イベントの告知はとても重要です。そもそも学生が普段どこで情報を入手しているのか。ビジネスの世界とは異なるところも多いです。大学のキャンパス内の掲示板や、地域の教育機関の連絡網などがある場合がほとんどです。そのような、通常では知りえない媒体についても、ハッカソンの窓口となっている教育機関の方に聞いてみましょう。

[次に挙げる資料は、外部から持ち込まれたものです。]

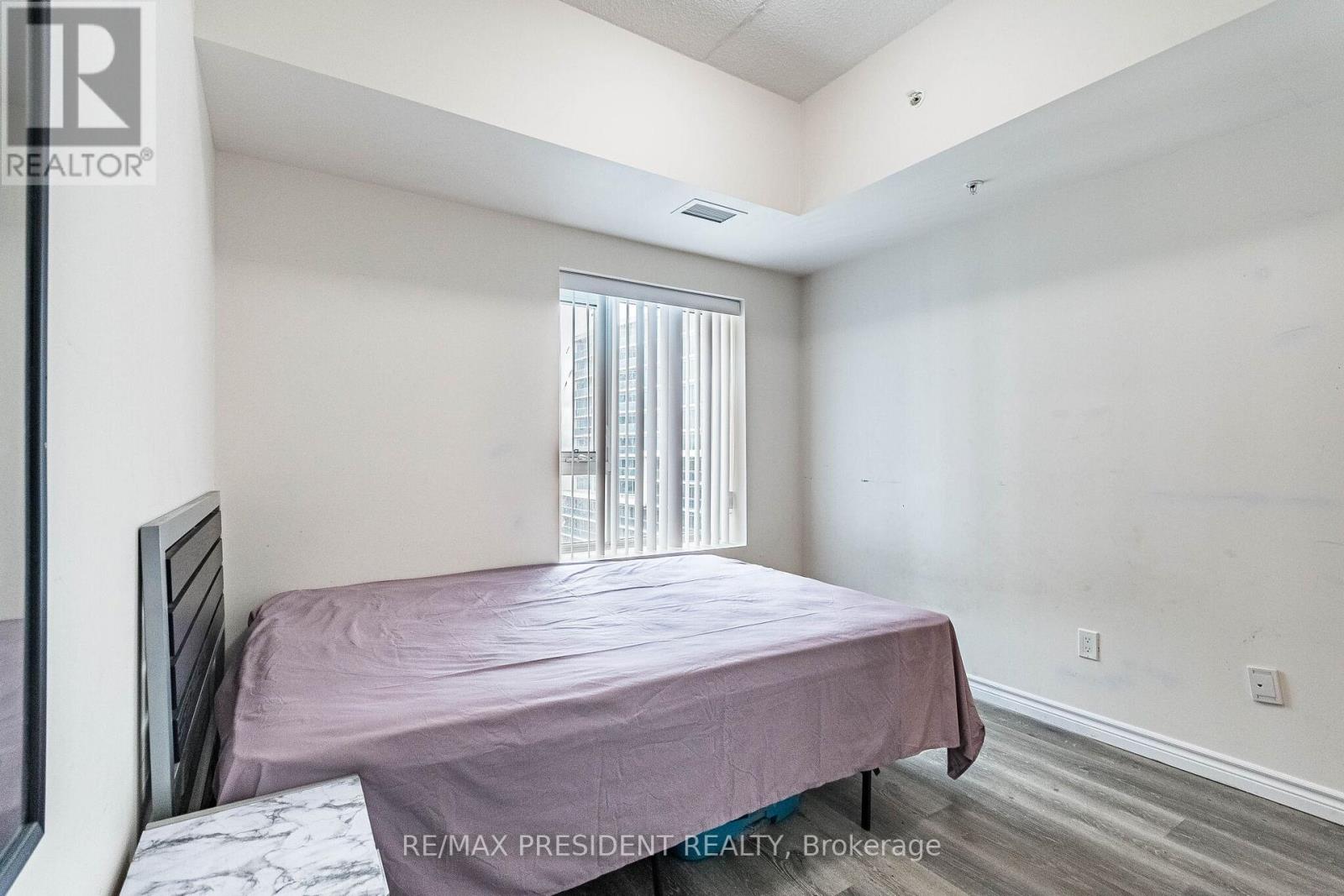 907 - 246 Lester Street, Waterloo, Ontario  N2L 0H1 - Photo 11 - X13069252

問合わせはできる限り個人情報を取り扱わない方法を検討し、
もし個人情報を取り扱う場合は、その取り扱いを専門とする体制で実施します。


3. 日程 & 会場:いつ・どこで開催するか

3-1. 日程選定

  • 標準:金曜夕方〜日曜の3日間
  • 長期休暇:平日開催も可
  • 遠方参加者:前後泊を考慮し、ホテルを手配

大学によっては金曜日の午後に実験が行われていたりして夕方からの実施が難しかったり、会場となる(参加者の多くが在籍する)大学によって予定が大きく異なりますので、事前確認が必要です。
春休み、夏休み、秋休みなどの長期休暇のタイミングで実施する場合は、予定の自由度が高い一方、企業側のメンバーが参加しづらかったり、学生がバイトや旅行やインターンなどの予定を立ててしまっている可能性があります。
遠方からの参加者もいるため、さまざまな考慮が必要になりますが、一番参加して欲しいターゲットを明確にして、日程を決めましょう。
私たちの場合は、「会場を提供してくれる大学の学生に一番優先的に参加して欲しいが、その学生のみでなく、近隣の学生にも参加して欲しい」と決め、その条件を満たしやすい日程を選んでいます。

3-2. 会場選び(大学推奨)

基本的には協賛いただく大学を会場にするのがベストです。
ただし、大学の会場も用途によって、無償にできる場合、有償になってしまう場合がありますので、提供いただける大学側の条件に寄り添う形で、必要に応じて、企業色やリクルーティング色を薄めていく必要があります。
大学開催の場合は、その大学の学生はもちろん、他の地域から参加する学生にとっても、他の大学のキャンパスに入れるということで、安心感やモチベーションにも繋がります。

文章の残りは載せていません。